Wednesday, May 12, 2010

Out of the Closet, Into the Kitchen?

I saw an ad in this week's NYT Magazine: it was a GE Monogram ad for kitchen appliances, featuring a gay couple--two older, affluent businessmen at home cooking in their nice new GE furnished kitchen. (I am trying to find an image of this ad online, but no success) My first reaction was sheer excitement: finally, non-heterosexual advertising! [Side note: I showed a straight friend: "That's a nice kitchen," he smirked. I wanted to smack him.]

But I'm having second thoughts about my excitement. Feminism has long decried the portrayal and use of women in advertising: usually for cooking, cleaning, doing laundry, being mothers. Here a gay man [or maybe both men?] has replaced the woman: but is this actually liberating for either? Are gay men simply being feminized, conforming further to social stereotypes of both male homosexuality and of femininity?

It seems to me that the heterosexual male is still holding reign over his kingdom. Gay men are being placed into advertising by pushing heterosexual women out. We are sharing the same space, but neither "group" is getting to move into the full realm that we should be (and have been) demanding.

Maybe this is a (very) small victory for affluent white gay men, who have finally peeked out from the advertising closet. However, I am skeptical. I don't think women, gay men, or anyone else are progressing much further with this ad.
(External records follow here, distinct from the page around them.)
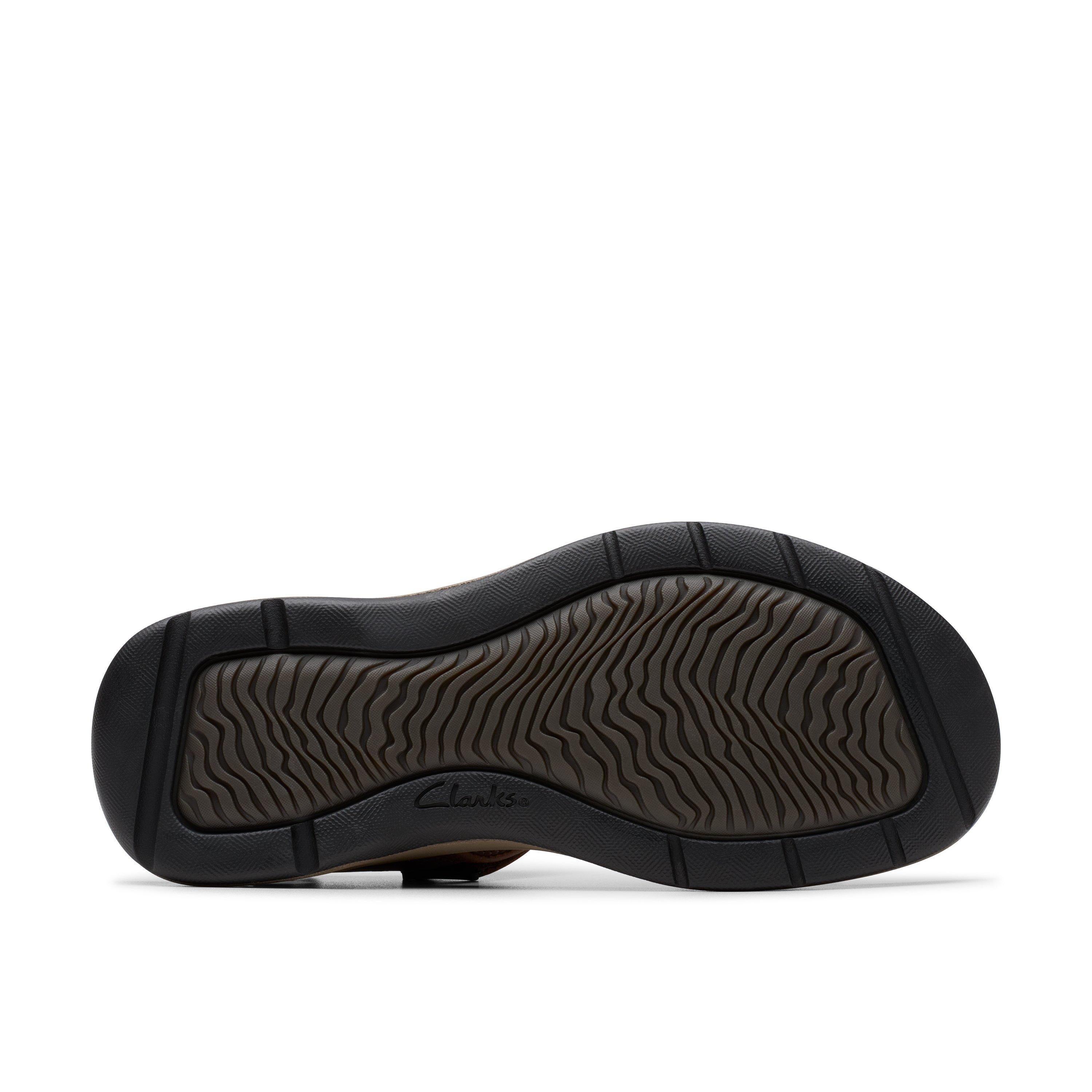 The image shows the bottom view of a CLARKS Mens Saltway Edge Wide Brown sandal, featuring a black and gray EVA sole with a wavy tread and the CLARKS logo embossed near the heel.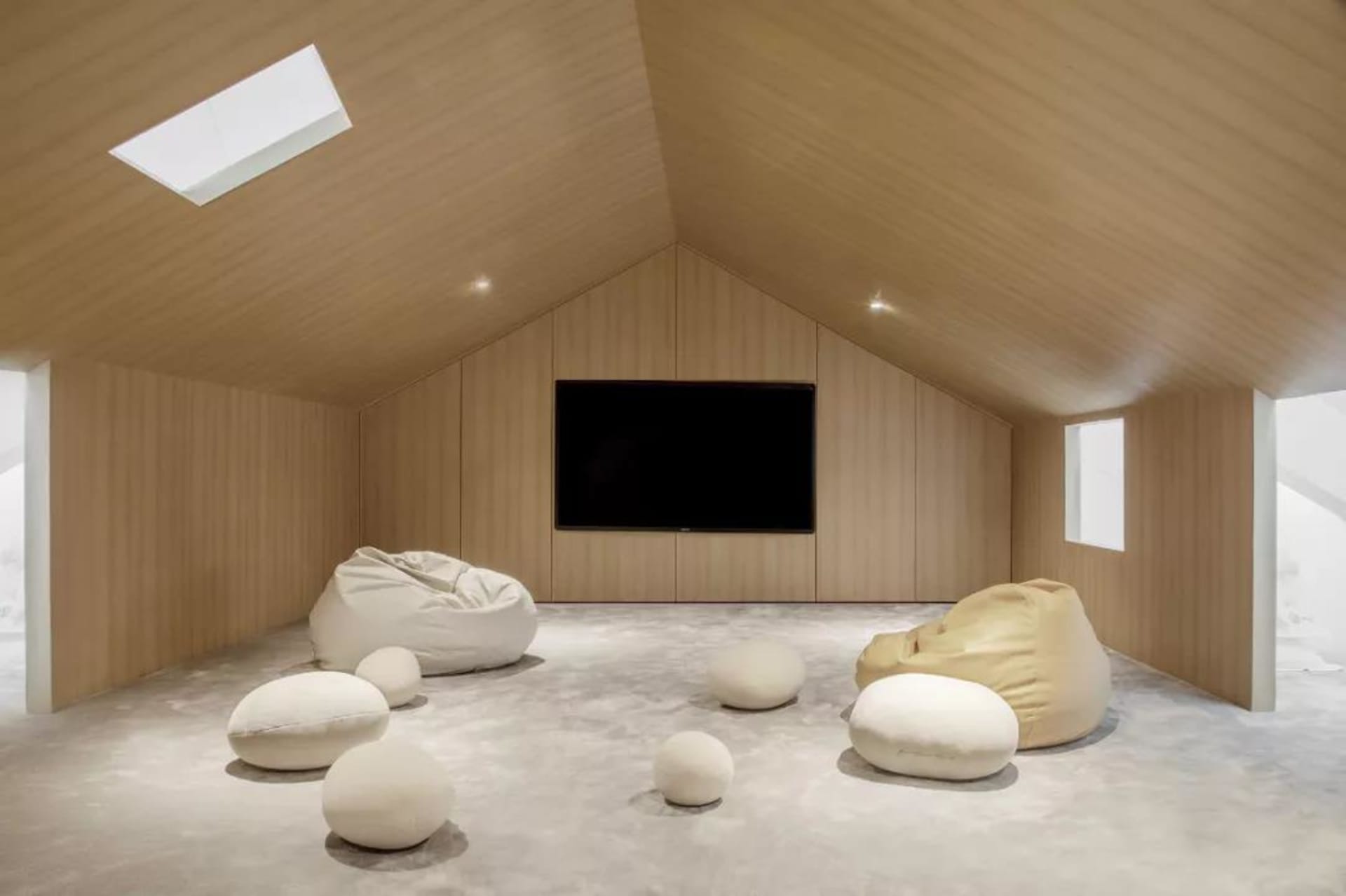 A minimalist living room with a wooden ceiling and floor, featuring a beanbag furniture set.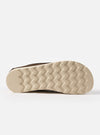 Close-up of the sole of the Zardus for Universal Works Dark Brown Suede Jack. The sole is a light tan color with a zig-zag pattern. The background is a plain white.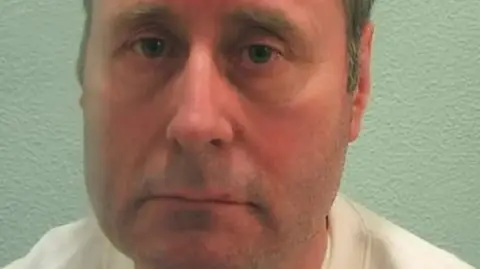 Met Police A mugshot of John Worboys. He is staring into the camera, and wearing a white top.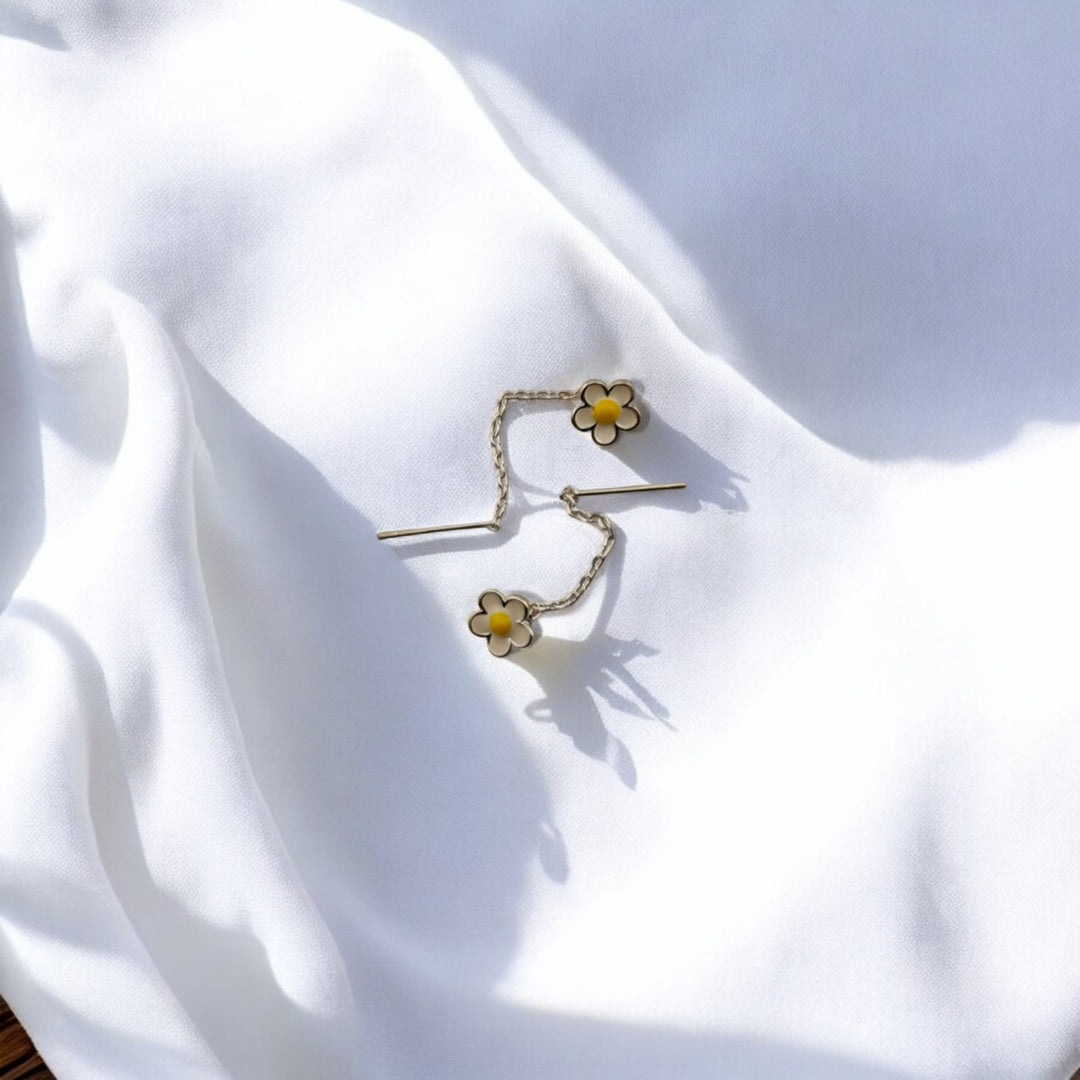 
Elegant gold-tone threader earrings with double white blossoms and yellow centers, resting on white fabric.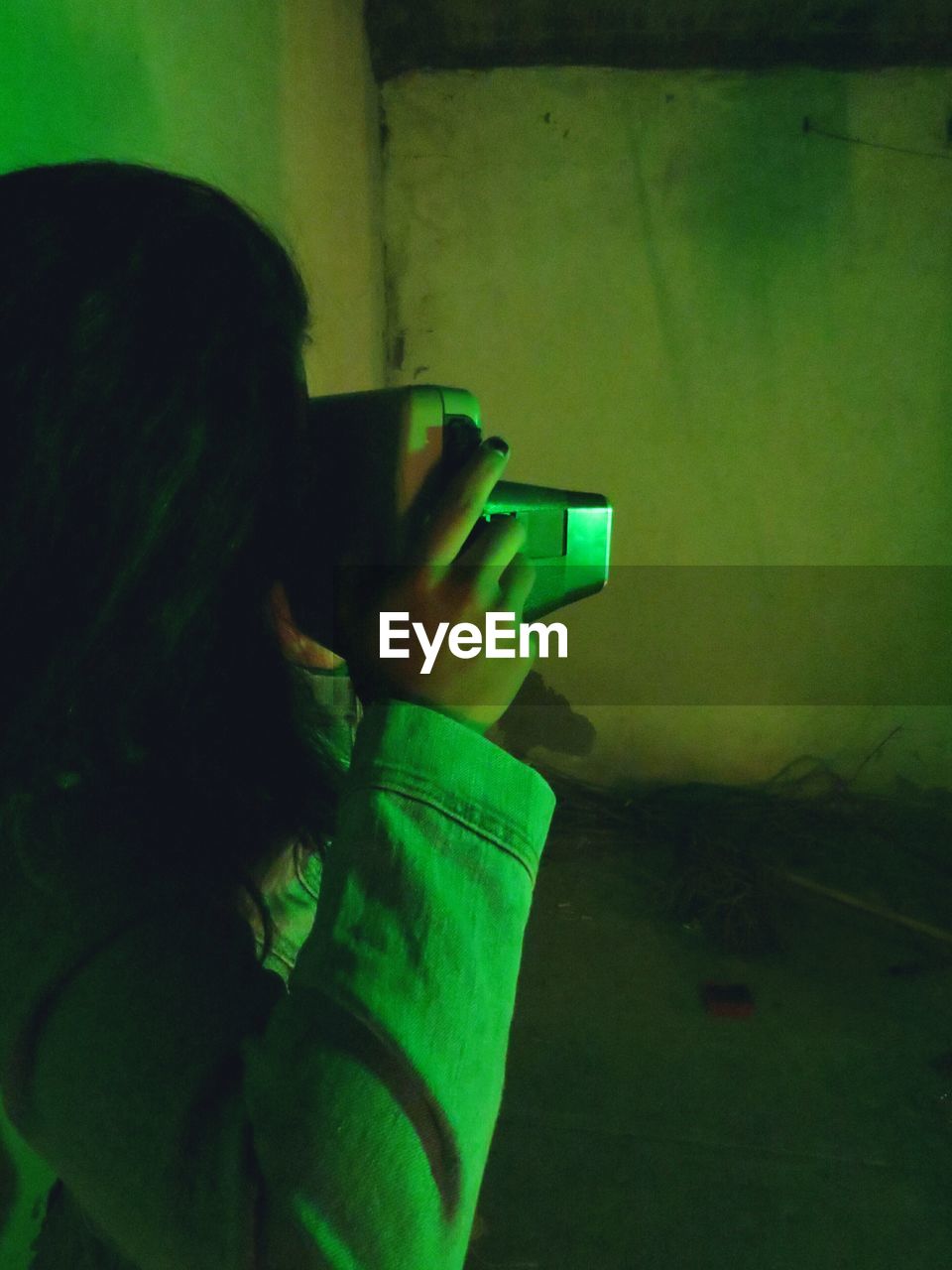 Woman photographing against wall at night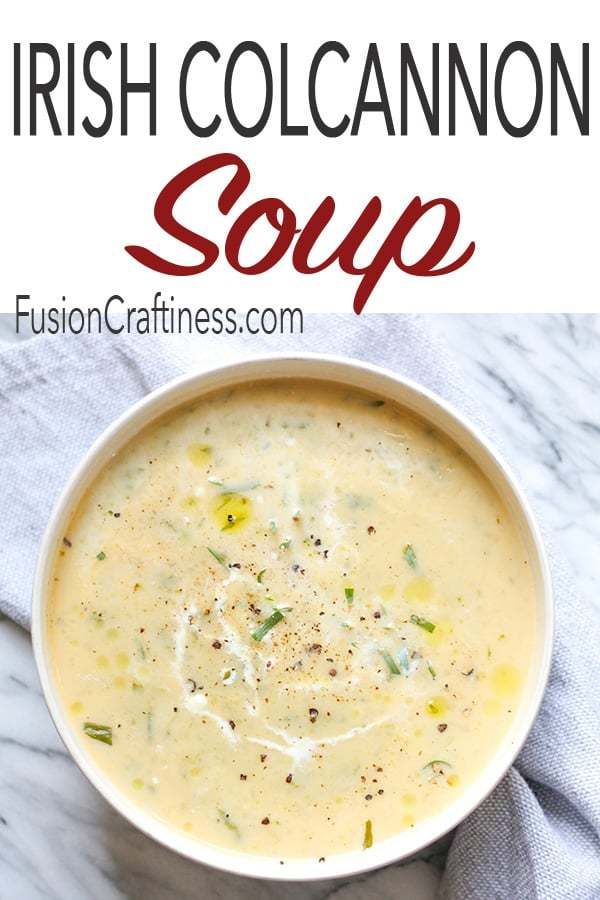 a white bowl filled with soup on top of a marble counter next to a blue towel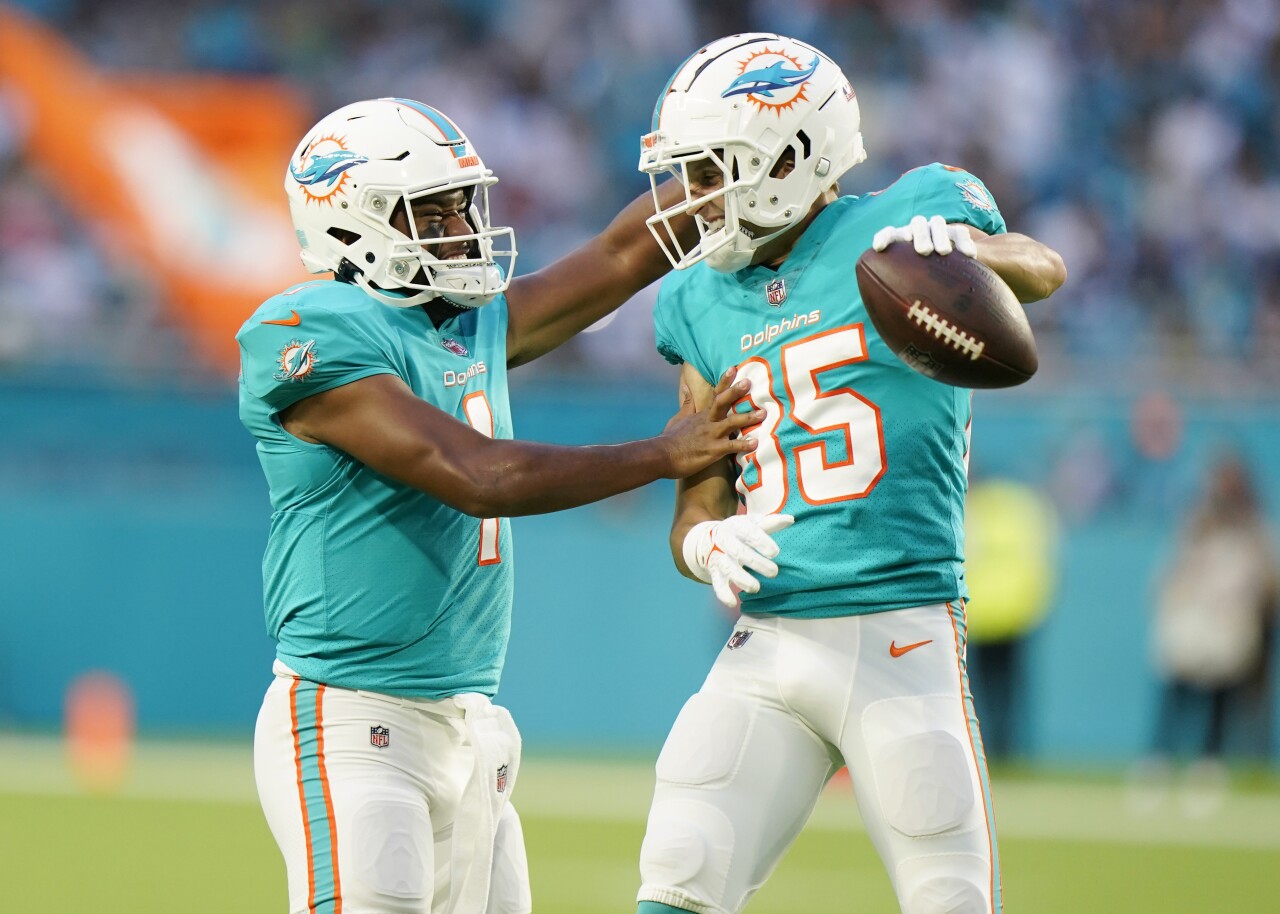 Tua Tagovailoa and and wide receiver River Cracraft celebrate TD in 2021 preseason game vs. Philadelphia Egles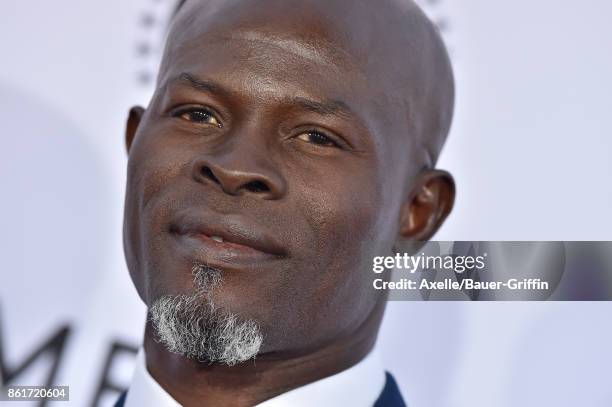 Actor Djimon Hounsou arrives at the premiere of 'Same Kind of Different as Me' at Westwood Village Theatre on October 12, 2017 in Westwood,...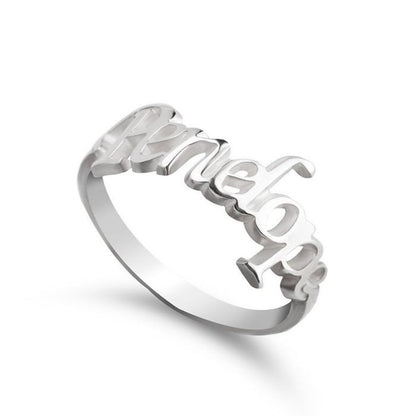 Silver ring with 'Amelie' engraved on a white background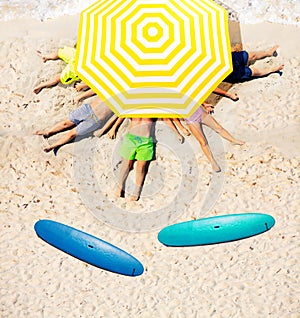 Kids group under umbrella on sand with surfboards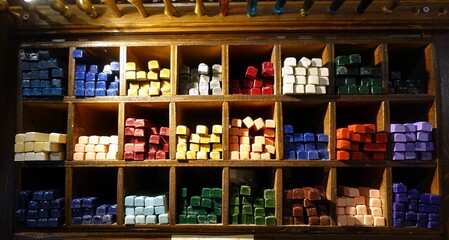 Shelving with sticks of colored lacquer wax for stamps and letters.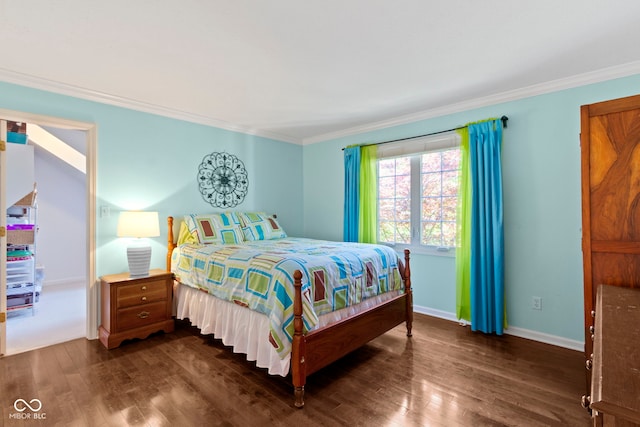 bedroom with dark wood-style flooring, ornamental molding, and baseboards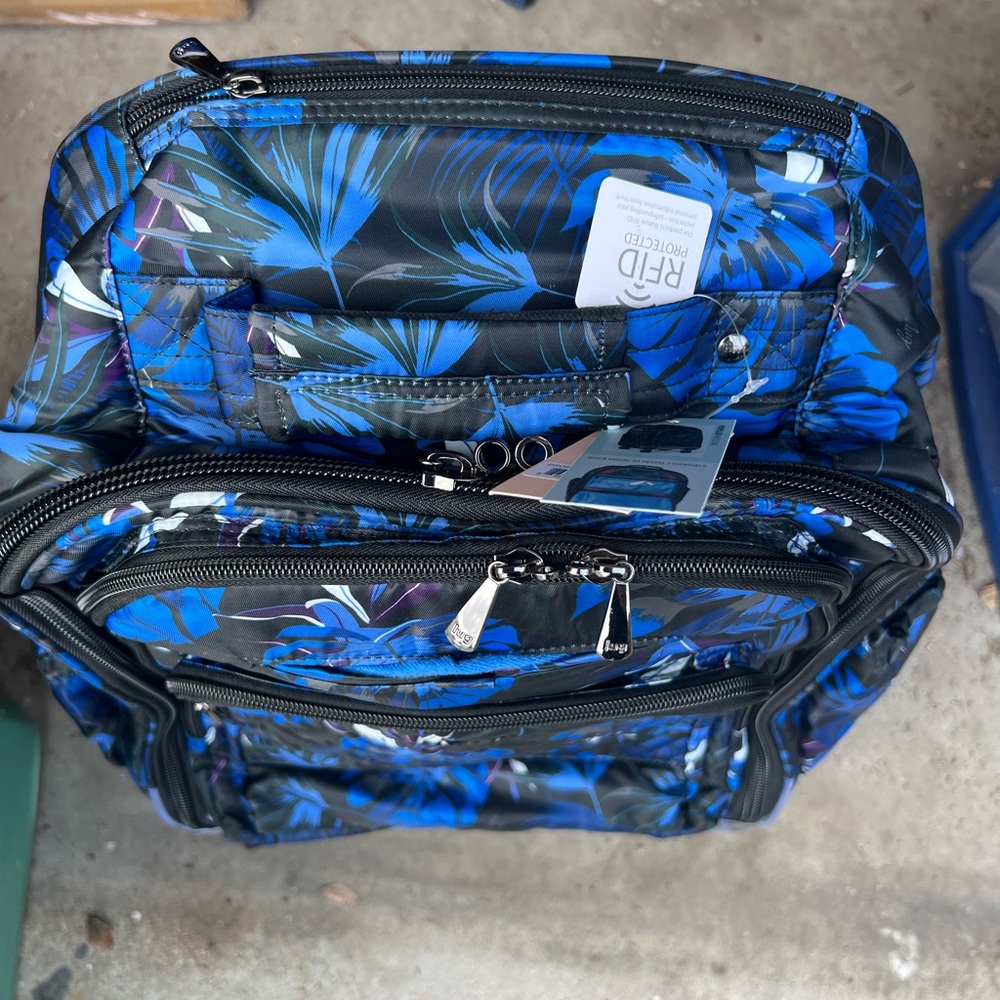 Brand new Lug rolling backpack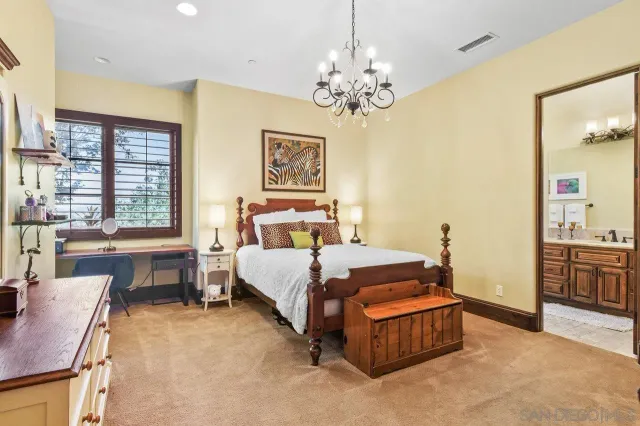 a spacious bedroom with a bed and a table in it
Even further, it is telling that the ad depicts very affluent gay men who can afford such an expensive kitchen. This group--as long as they conform to certain stereotypes--have been pulled to the "inner margins." Not included, but more accepted, tolerated. [The show "How I Met Your Mother" calls them "G-CWOKs."] But what about lesbians? Transgendered persons? Gay men who aren't rich and don't fit into the "G-CWOK" box? I suspect we are a long time coming before we see anyone like this in mainstream advertisements. And we still need to see more gay men and heterosexual women in ads that don't only portray them as typical stereotypes. And that's just advertising; don't get me started on television (though I hinted at it in my HIMYM comment). We have a long way still to go.